SQL Server – How to Update Fields with Certain Prefix Using Lookup Table

performancequery-performanceregexsql servert-sql

I have a temporary table #NAMEOLD_NAMENEW which contains a column NAMEOLD and a column NAMENEW where every row contains the old and new value of a value to be updated. This table consists of roughly 2.000 rows. I created a clustered index on NAMEOLD.

The temporary table will be used to update certain fields in the database. I know which columns in which tables need to be updated (roughly 25 columns over 20 tables).

Now, the fields that need to be updated contain the string DOMAIN\ as a prefix and after that a NAMEOLD value of the temporary table.

What I want to do is: use the temporary table to replace the full value of the string DOMAIN\ plus the string after that with the appropriate value in the #NAMEOLD_NAMENEW table.

Example:

Example data in #NAMEOLD_NAMENEW:

NAME_OLD NAMENEW
user1 user5
user2 user6

Example data in TABLE1:

ColumnWithName1
DOMAIN\user1
DOMAIN\user2

Now running the query should update TABLE1 to:

ColumnWithName1
user5
user6

I think that scanning the full table multiple times will not perform well enough (SELECT on certain tables already takes minutes).

What I thought of is typing out all the columns that need to be updated, and then updating them with a regex with a capture group. Something like this (non-working code):

UPDATE [dbo].[Table1]
SET [ColumnWithName1] = (SELECT [NAMENEW] from new_old WHERE [NAMEOLD] = [/1]) -- first CAPTUREGROUP??
FROM #NAMEOLD_NAMENEW new_old
WHERE [ColumnWithName1] like '%DOMAIN\(.*)'

Here the capture group does not work since it does not seem to exist in T-SQL. Furthermore, using the nested SELECT is I believe a bad practice for some reason.

Is it possible to do something like this in T-sql? Or is there perhaps even a better approach?

Best Answer

If the prefix is always DOMAIN\ then you need neither RegEx nor a string splitter. You just need to use SUBSTRING as follows:

UPDATE tbl 
SET    tbl.[ColumnWithName1] = new_old.[NAMENEW] -- to keep the prefix, add "'DOMAIN\' + "
FROM   [dbo].[Table1] tbl
INNER JOIN #NAMEOLD_NAMENEW new_old
        ON new_old.[NAMEOLD] = SUBSTRING(tbl.[ColumnWithName1], 8, 1000);

Just be sure to set the 3rd parameter of the SUBSTRING to be the longest max length of all of the VARCHAR fields being updated (which should already be the length of the NAMENEW field anyway).

Better yet: You could probably improve the efficiency of the operation and reduce the complexity at the same time by approaching this from the opposite direction. Meaning, rather than trying to deal with removing the prefix from the field being updated, simply add in that prefix on the other side.
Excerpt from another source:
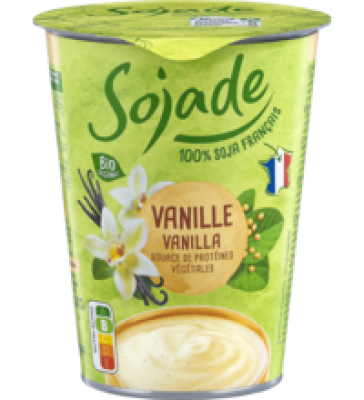 Joghurtalternative Soja Vanille, vegan, 2,1% Fett, 400 gr Becher, Sojade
This is similar to what @YperSillyCubeᵀᴹ suggested in a comment on the Question, but given that this is just a temporary table and it is not millions of rows, just prefix all of the values in the NAMEOLD field such that the JOIN does not have any expressions in it at all: it is just a straight equality operation:

-- one-time update
UPDATE tmp
SET    tmp.[NAMEOLD] = 'DOMAIN\' + tmp.[NAMEOLD];


UPDATE tbl 
SET    tbl.[ColumnWithName1] = new_old.[NAMENEW] -- to keep the prefix, add "'DOMAIN\' + "
FROM   [dbo].[Table1] tbl
INNER JOIN #NAMEOLD_NAMENEW new_old
        ON new_old.[NAMEOLD] = tbl.[ColumnWithName1];

Please note that the "pretty-print" formatting for SQL does not handle the \' sequence of characters correctly when formatting a string literal, and does not recognize it as being the end of the string literal, hence the red continues beyond where it should.